**Exercise:**
Every line from the one with "2021 BMW X6 - Photo 2" through the last line below should be repeated exactly; pictures stay out of the copy.

**Material provided:**
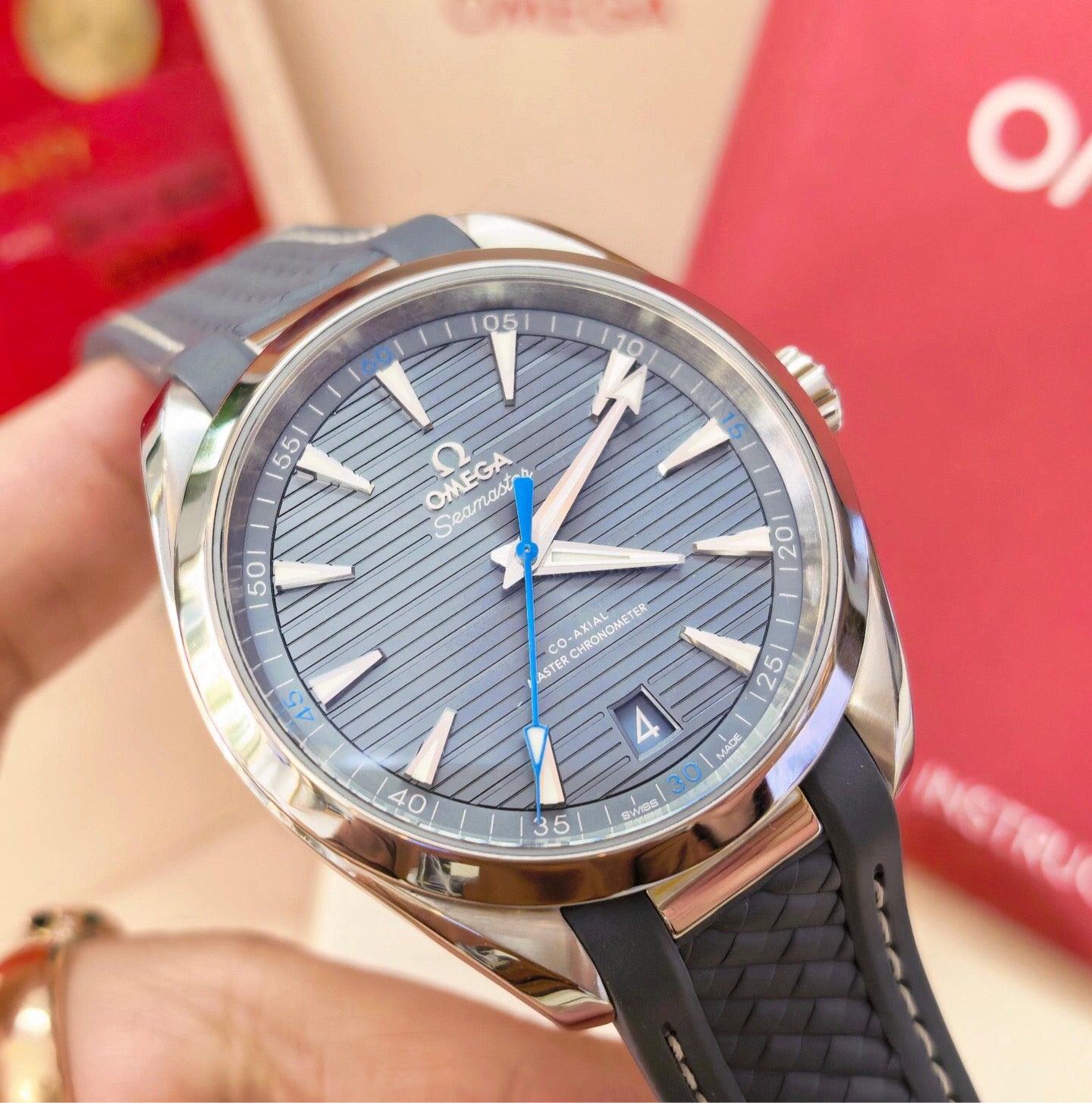 Omega 220.12.41.21.03.002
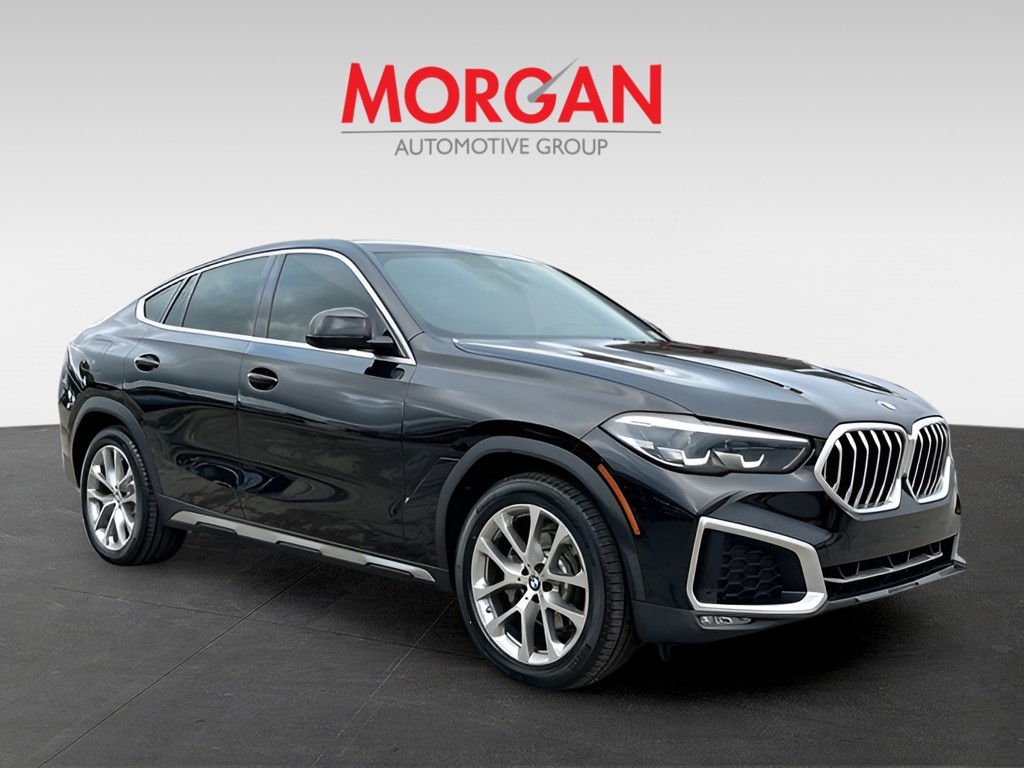 2021 BMW X6 - Photo 2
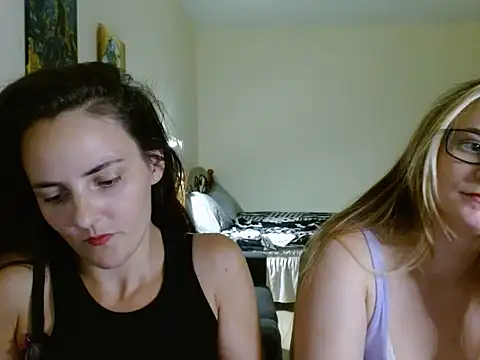 OliviaTheS stripchat live cam model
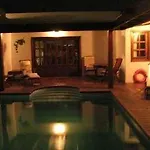 Ana Villa *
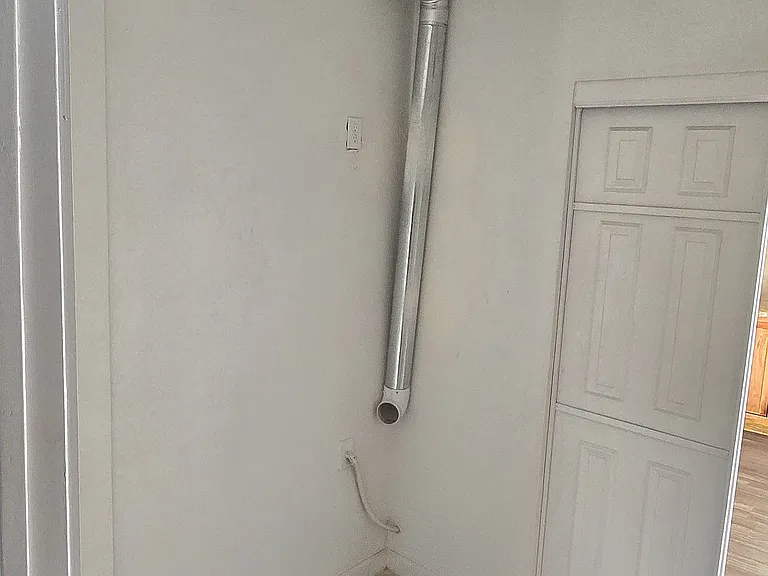 2227 Stewart Ave #2 — Photo 8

**Task output:**
 2021 BMW X6 - Photo 2
 OliviaTheS stripchat live cam model
 Ana Villa *
 2227 Stewart Ave #2 — Photo 8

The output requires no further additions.